The elections follow a 3-2 ruling on May 18, 2023, from the United Kingdom's Judicial Committee of the Privy Council, the Republic of Trinidad and Tobago's highest court of appeal, which stated that the government's one-year extension of the mandate of councillors and alderman was unlawful.
The matter was brought before the Law Lords of the Privy Council by Ravi Balgobin Maharaj, and his legal team led by Anand Ramlogan, SC.
The judgement handed down to Ravi Balgobin Maharaj by the Law Lords was a landmark ruling in the Commonwealth and marks the first time that a Court upheld the rights of citizens to vote in a Local Government Election.
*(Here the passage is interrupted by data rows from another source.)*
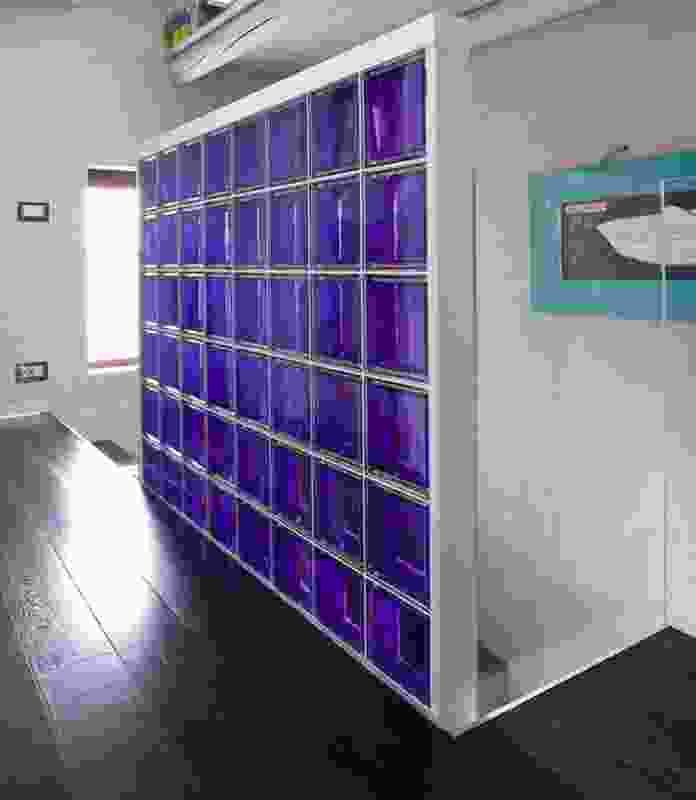 Adelaide Glass Blocks introduces the Mendini range ArchitectureAu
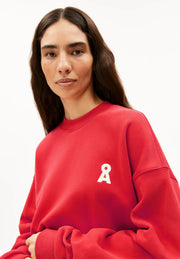 Alizaa Iconic A 3143 Coral Blush - LEEF mode en accessoires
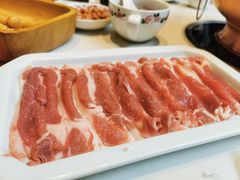 鲜切鲜羊肉-东门口涮肉·砂锅·烤串(老门东店)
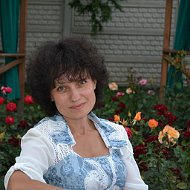 Наталя Оріховська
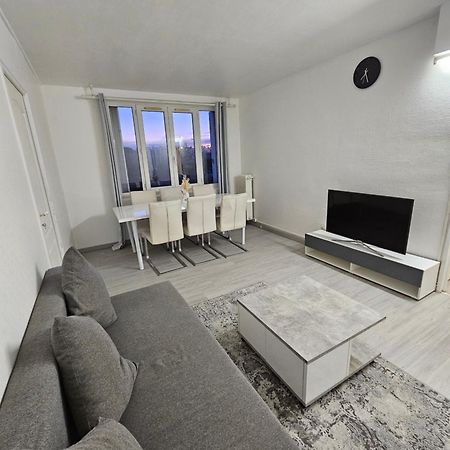 Bel Appartement A Choisy-Le-Roi Zewnętrze zdjęcie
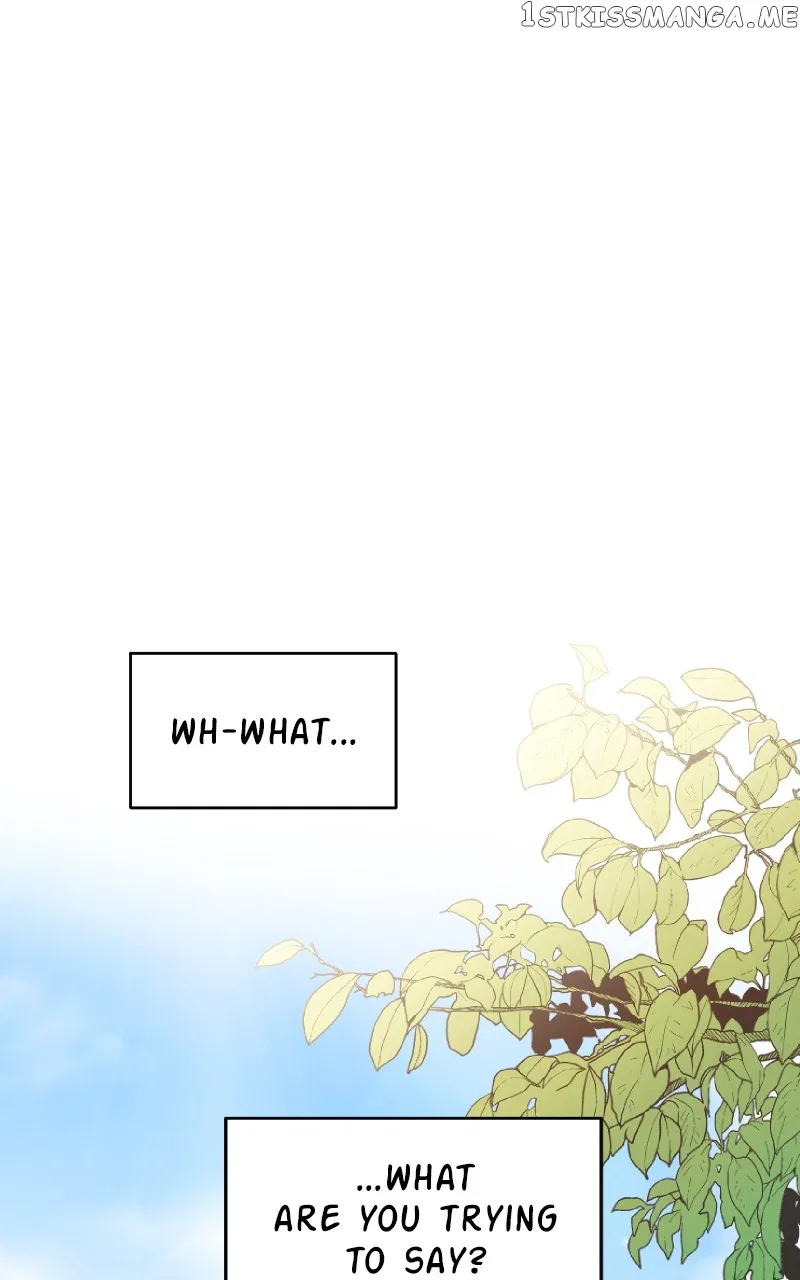 Who’s Mr. President? Chapter 61 – Page 74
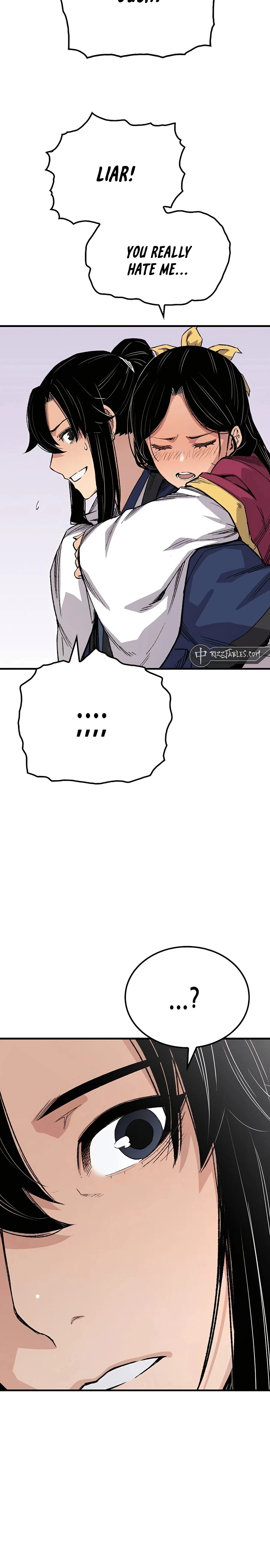 Reincarnated Murim Lord Chapter 56 — Page 28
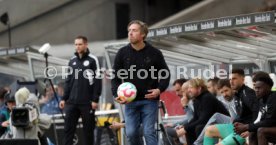 15.10.22 VfB Stuttgart - VfL Bochum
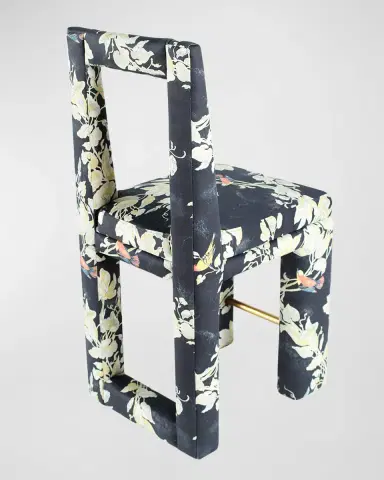 Peninsula Home Collection Santander 25" Counter Stool | Thumbnail 4 Peninsula Home Collection Santander 25" Counter Stool | Thumbnail 4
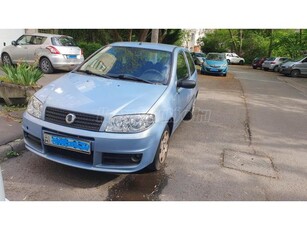 FIAT PUNTO 1.2 Sound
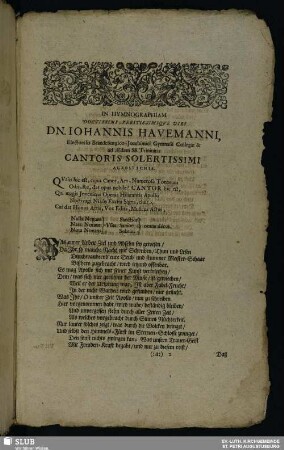 Lobgedicht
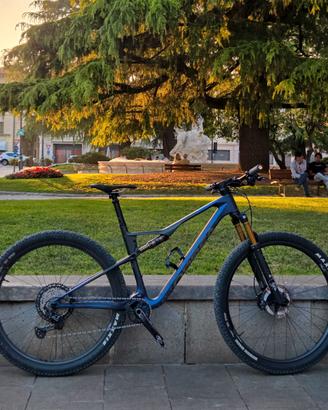 Mtb Orbea Oiz m-pro taglia L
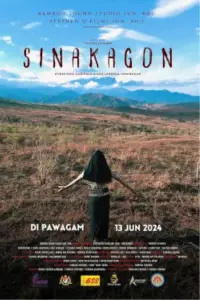 Cover Film Sinakagon 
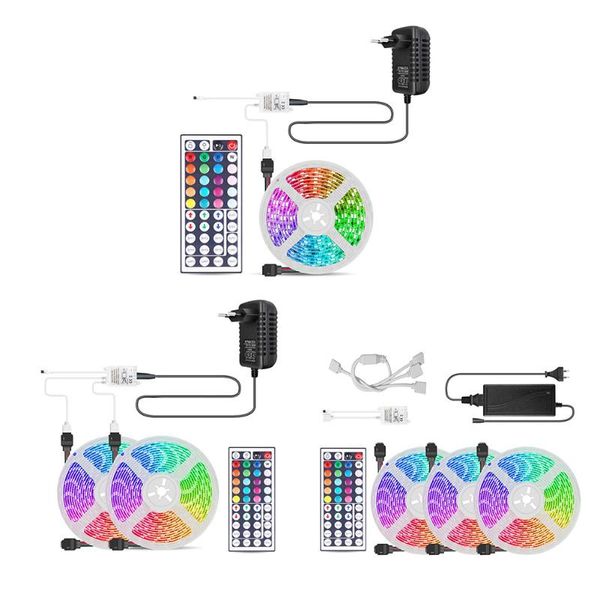 strips rgb smd2835 flexible ribbon light 5m 10m 15m led strip dc 12v diode tape bluetooth phone app remote control
strips rgb smd2835 flexible ribbon light 5m 10m 15m led strip dc 12v diode tape bluetooth phone app remote control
[1][2] Polls pointed to widespread rejection among the population for both the governing People's National Movement and the opposition United National Congress with both major parties and their leaders, Prime Minister Keith Rowley and Opposition Leader Kamla Persad-Bissessar being "extremely unpopular with unprecedented low approval ratings.
Since 1946, when the office of the mayor of the Port of Spain City Corporation was created, only men have officially served as mayor of the country's capital, despite voters in the last local elections electing a female majority city corporation slate in a historic first[5] and the outcry from women's activists on the lack of gender equality with political parties in terms of a low number of nominations by parties of prospective female councillors and female aldermen.